**How to complete this task**
Repeat the listing word for word, but skip any pictures.

**Dataset section**
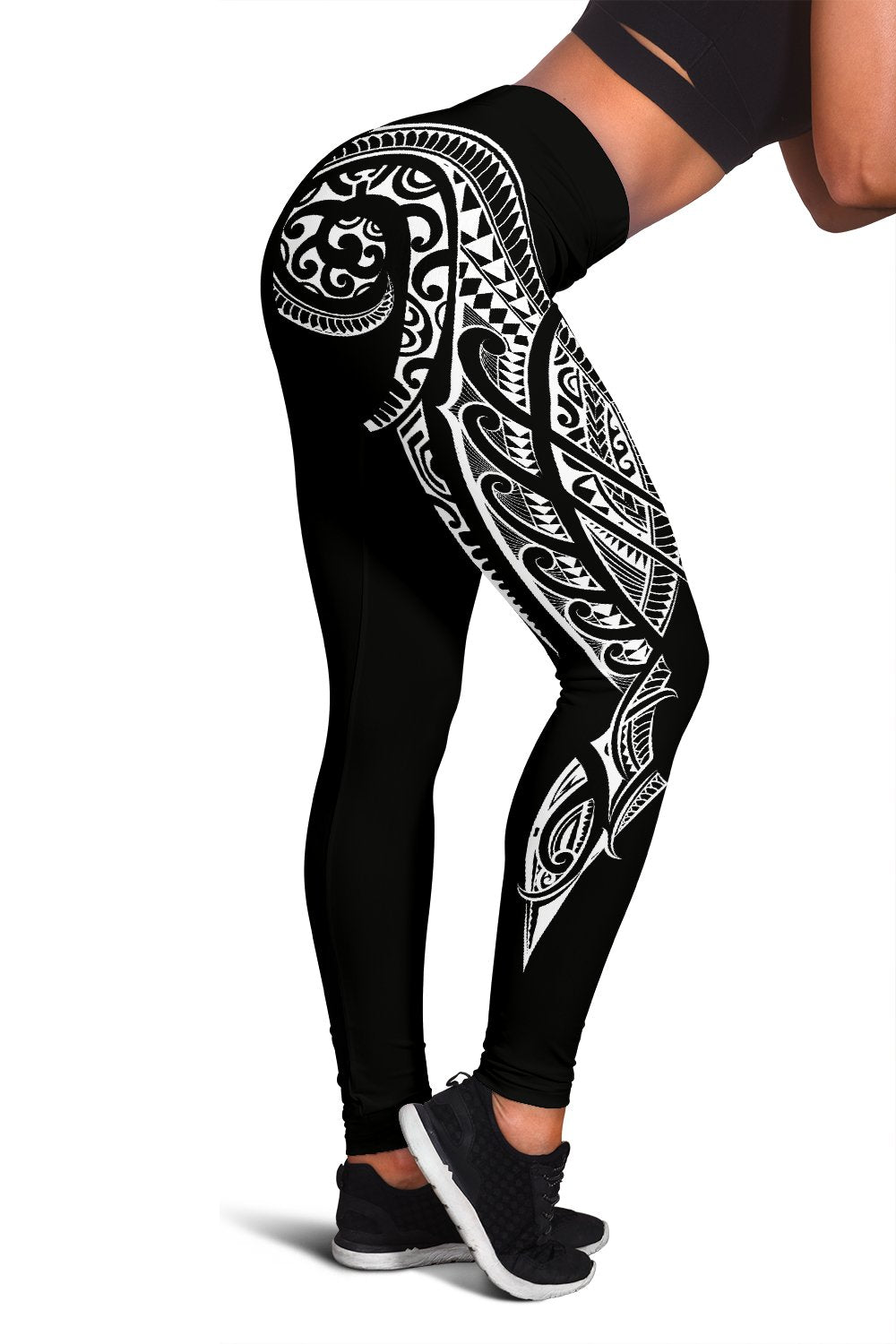 Cook Islands State Tattoo Swirly White Polynesian Women's Leggings White - Polynesian Pride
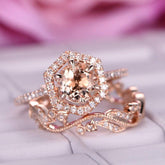 Reserved for MM- Customized Morganite Diamond Ring & Floral Vintage Diamond Bridal Set 14K Rose Gold - Lord of Gem Rings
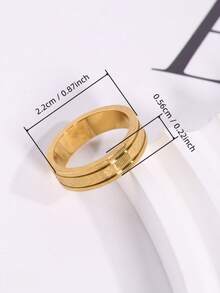 1pc Stainless Steel 18K Gold Plated 520 1314 Engraved Double Groove Textured Wide Band Ring I Love You Forever Finger Ring Suitable For T-Shirt Shirt Suit And Other Daily Outfits Versatile Elegant Accessory - 520 1314 Engraved Ring - View 2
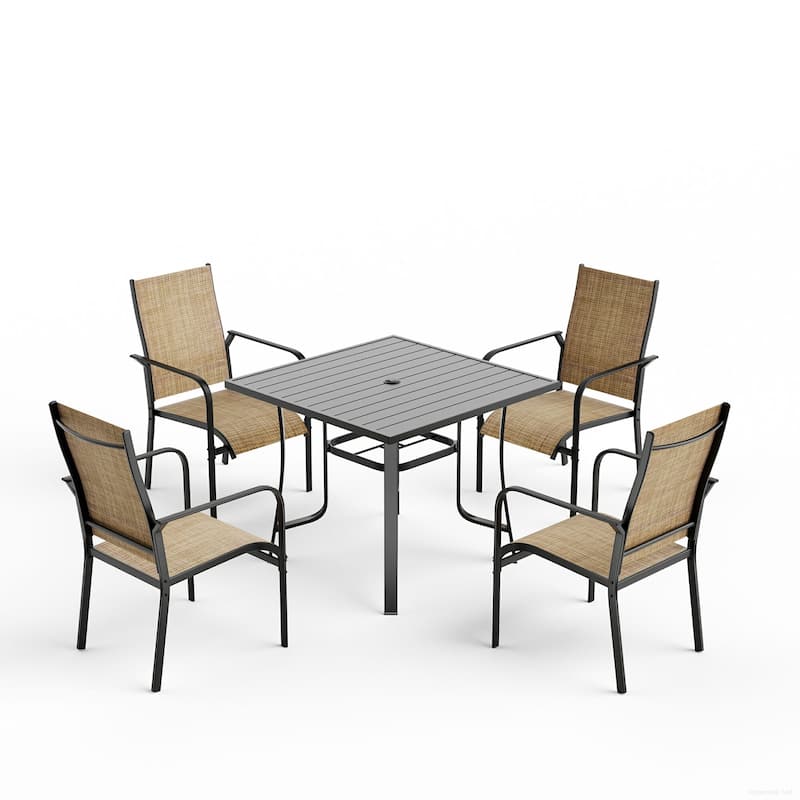 5/7/9-Piece Outdoor Patio Dining Set with Stackable Textilene Chairs and Slatted Table, Furniture with Adjustable Umbrella Hole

**Expected answer**
 Cook Islands State Tattoo Swirly White Polynesian Women's Leggings White - Polynesian Pride
 Reserved for MM- Customized Morganite Diamond Ring & Floral Vintage Diamond Bridal Set 14K Rose Gold - Lord of Gem Rings
 1pc Stainless Steel 18K Gold Plated 520 1314 Engraved Double Groove Textured Wide Band Ring I Love You Forever Finger Ring Suitable For T-Shirt Shirt Suit And Other Daily Outfits Versatile Elegant Accessory - 520 1314 Engraved Ring - View 2
 5/7/9-Piece Outdoor Patio Dining Set with Stackable Textilene Chairs and Slatted Table, Furniture with Adjustable Umbrella Hole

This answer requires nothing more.